President Trump’s Immigration Plan Takes A Narrow Approach

The president’s immigration overhaul, announced Thursday, is “one-sided,” appealing to some congressional Republicans and likely few Democrats.

By Rhonda Fanning & Kristen CabreraMay 17, 2019 12:27 pm, , ,

On Thursday, President Donald Trump announced a proposal to overhaul the country’s legal immigration system. Todd Gillman,  Washington bureau chief for The Dallas Morning News, reported the story, and says the proposal was effectively “dead on arrival.” That’s because House Democrats likely won’t accept much of what he’s proposing.

“It is a very one-sided proposal. It does a lot of things that some Republicans want, and it doesn’t do a lot of things that Democrats want,” Gillman says.

He says Democrats didn’t have input on the plan, and that the announcement was essentially a political statement.

The plan addresses certain aspects of the legal immigration system, but omits a plan for many other things. First, it doesn’t address the number of migrants already living in the U.S. illegally, or the young people whose parents brought them to the U.S. when they were children, and who also don’t have legal status. It also doesn’t offer a solution for reducing immigration overall. Gillman says the plan wouldn’t change the overall number of immigrants allowed to come to the U.S. Instead, it would just change who would be granted visas.

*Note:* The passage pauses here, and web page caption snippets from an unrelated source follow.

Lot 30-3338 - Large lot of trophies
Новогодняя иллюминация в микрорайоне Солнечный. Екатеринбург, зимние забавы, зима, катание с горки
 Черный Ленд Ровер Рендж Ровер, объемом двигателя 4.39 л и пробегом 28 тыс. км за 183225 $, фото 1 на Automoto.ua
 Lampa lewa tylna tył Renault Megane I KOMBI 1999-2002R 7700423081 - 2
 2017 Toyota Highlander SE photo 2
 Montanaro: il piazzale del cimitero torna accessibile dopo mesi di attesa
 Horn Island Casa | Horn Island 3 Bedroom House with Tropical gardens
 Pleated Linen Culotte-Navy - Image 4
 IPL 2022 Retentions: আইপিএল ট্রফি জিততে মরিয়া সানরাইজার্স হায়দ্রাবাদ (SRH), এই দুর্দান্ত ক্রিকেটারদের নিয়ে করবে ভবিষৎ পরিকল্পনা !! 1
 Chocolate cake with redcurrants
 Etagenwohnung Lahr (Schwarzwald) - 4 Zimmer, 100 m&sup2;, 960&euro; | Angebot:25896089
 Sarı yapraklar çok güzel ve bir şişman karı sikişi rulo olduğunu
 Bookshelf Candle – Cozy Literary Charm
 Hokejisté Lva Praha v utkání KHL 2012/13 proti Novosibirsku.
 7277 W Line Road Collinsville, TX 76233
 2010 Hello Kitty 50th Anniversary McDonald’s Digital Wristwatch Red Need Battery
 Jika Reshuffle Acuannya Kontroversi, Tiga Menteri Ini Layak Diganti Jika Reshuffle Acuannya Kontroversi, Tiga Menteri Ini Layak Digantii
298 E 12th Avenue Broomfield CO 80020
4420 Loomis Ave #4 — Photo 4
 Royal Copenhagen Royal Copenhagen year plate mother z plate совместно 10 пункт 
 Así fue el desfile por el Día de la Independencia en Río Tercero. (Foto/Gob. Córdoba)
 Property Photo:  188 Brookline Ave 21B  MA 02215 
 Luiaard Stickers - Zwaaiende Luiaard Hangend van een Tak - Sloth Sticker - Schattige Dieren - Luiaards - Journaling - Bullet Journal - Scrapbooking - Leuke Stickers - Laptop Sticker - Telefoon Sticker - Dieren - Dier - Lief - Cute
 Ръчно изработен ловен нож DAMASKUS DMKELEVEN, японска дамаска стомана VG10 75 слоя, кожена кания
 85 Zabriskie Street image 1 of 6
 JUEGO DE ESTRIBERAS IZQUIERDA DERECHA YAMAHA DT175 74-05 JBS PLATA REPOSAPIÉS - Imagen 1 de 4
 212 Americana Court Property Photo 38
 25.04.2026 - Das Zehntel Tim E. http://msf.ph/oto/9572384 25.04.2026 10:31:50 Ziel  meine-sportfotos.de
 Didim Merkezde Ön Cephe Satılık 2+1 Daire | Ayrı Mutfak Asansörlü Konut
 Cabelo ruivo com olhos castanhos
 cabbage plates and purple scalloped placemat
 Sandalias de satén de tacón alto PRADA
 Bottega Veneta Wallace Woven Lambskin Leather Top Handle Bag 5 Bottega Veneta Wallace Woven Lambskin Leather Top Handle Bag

“Instead of any kind of lottery or family-based migration patterns, you would have people having to show that they already are proficient in English, and that they have a job offer from an American employer and that they can pass an American civics test,” Gillman says.

The plan appeals to those who seek to restrict immigration because, he says, in their view, it would “keep out peasants, effectively. Brown peasants.” Instead, the plan would attract more highly-educated foreigners who speak English.

Gillman says without a plan for dealing with immigrants who entered the country illegally with their parents when they were young – some know these people as “Dreamers,” based on the never-passed proposals in Congress called the DREAM Act – Trump is missing an opportunity to appeal to a wider range of people.

“The president and his people say that he is looking for common ground,” Gillman says. “But at least publicly, protecting those young people who were brought in at age 2 or 5 or even 10 – that has always been the common ground.”

A majority of Americans support a plan to help those kids find a legal path to citizenship, and Trump leaving them out of the plan is a large omission.

Gillman says Trump could be withholding a plan for “Dreamers” in order to use the issue as leverage with Congress at a later time, but he says doing so is a gamble.

“It’s a pretty major flaw in the plan if you’re trying to get consensus in Congress,” Gillman says.